Back to TCP. Earlier for the sake of simplicity I told a little fib, and some of you have steam coming out of your ears by now because this fib is driving you crazy. I said that TCP guarantees that your message will arrive. It doesn't, actually. If your pet snake has chewed through the network cable leading to your computer, and no IP packets can get through, then TCP can't do anything about it and your message doesn't arrive. If you were curt with the system administrators in your company and they punished you by plugging you into an overloaded hub, only some of your IP packets will get through, and TCP will work, but everything will be really slow.
This is what I call a leaky abstraction. TCP attempts to provide a complete abstraction of an underlying unreliable network, but sometimes, the network leaks through the abstraction and you feel the things that the abstraction can't quite protect you from. This is but one example of what I've dubbed the Law of Leaky Abstractions:
All non-trivial abstractions, to some degree, are leaky.
Abstractions fail. Sometimes a little, sometimes a lot. There's leakage. Things go wrong. It happens all over the place when you have abstractions. Here are some examples.
Something as simple as iterating over a large two-dimensional array can have radically different performance if you do it horizontally rather than vertically, depending on the "grain of the wood" -- one direction may result in vastly more page faults than the other direction, and page faults are slow. Even assembly programmers are supposed to be allowed to pretend that they have a big flat address space, but virtual memory means it's really just an abstraction, which leaks when there's a page fault and certain memory fetches take way more nanoseconds than other memory fetches.

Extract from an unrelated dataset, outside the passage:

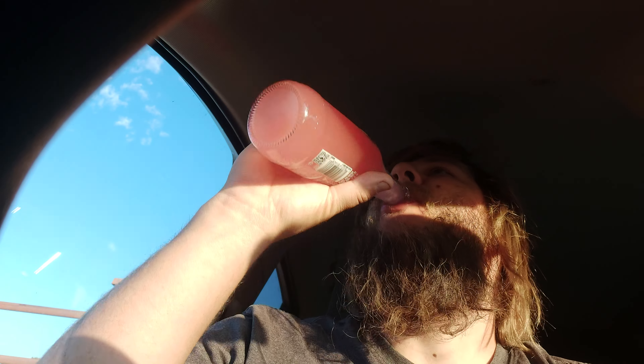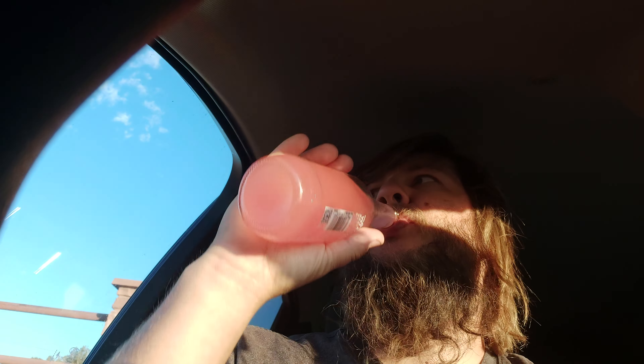Nice carbonation, interesting flavor. I don't think I ever had guava fruit before, but this drink should be close to what it tastes like, I would imagine.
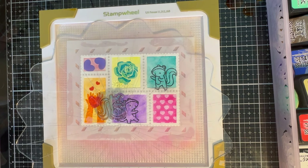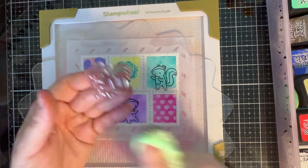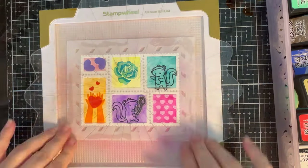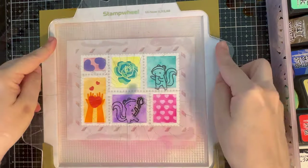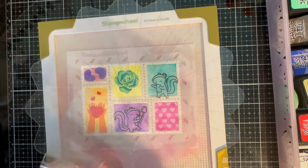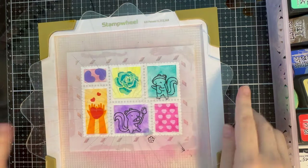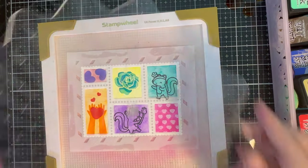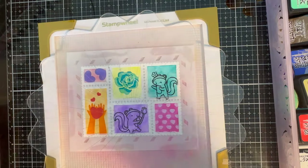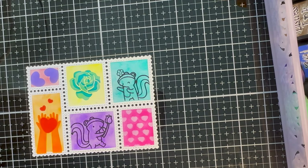I used the ultra clean stamp cleaner to clean the skunks — you can also just spray with water, it really depends on your mood and how clean you want to get your stamp. Sometimes I like my stamps a little more sparkly clean so I'll use the stamp cleaner, and with my microfiber towel it gets beautifully clean. I kind of created a little bit of a scene — almost like a Romeo and Juliet type scene.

The SQL language is meant to abstract away the procedural steps that are needed to query a database, instead allowing you to define merely what you want and let the database figure out the procedural steps to query it. But in some cases, certain SQL queries are thousands of times slower than other logically equivalent queries. A famous example of this is that some SQL servers are dramatically faster if you specify "where a=b and b=c and a=c" than if you only specify "where a=b and b=c" even though the result set is the same. You're not supposed to have to care about the procedure, only the specification. But sometimes the abstraction leaks and causes horrible performance and you have to break out the query plan analyzer and study what it did wrong, and figure out how to make your query run faster.
Even though network libraries like NFS and SMB let you treat files on remote machines "as if" they were local, sometimes the connection becomes very slow or goes down, and the file stops acting like it was local, and as a programmer you have to write code to deal with this. The abstraction of "remote file is the same as local file" leaks. Here's a concrete example for Unix sysadmins. If you put users' home directories on NFS-mounted drives (one abstraction), and your users create .forward files to forward all their email somewhere else (another abstraction), and the NFS server goes down while new email is arriving, the messages will not be forwarded because the .forward file will not be found. The leak in the abstraction actually caused a few messages to be dropped on the floor.
C++ string classes are supposed to let you pretend that strings are first-class data. They try to abstract away the fact that strings are hard and let you act as if they were as easy as integers. Almost all C++ string classes overload the + operator so you can write s + "bar" to concatenate. But you know what? No matter how hard they try, there is no C++ string class on Earth that will let you type "foo" + "bar", because string literals in C++ are always char*'s, never strings. The abstraction has sprung a leak that the language doesn't let you plug. (Amusingly, the history of the evolution of C++ over time can be described as a history of trying to plug the leaks in the string abstraction. Why they couldn't just add a native string class to the language itself eludes me at the moment.)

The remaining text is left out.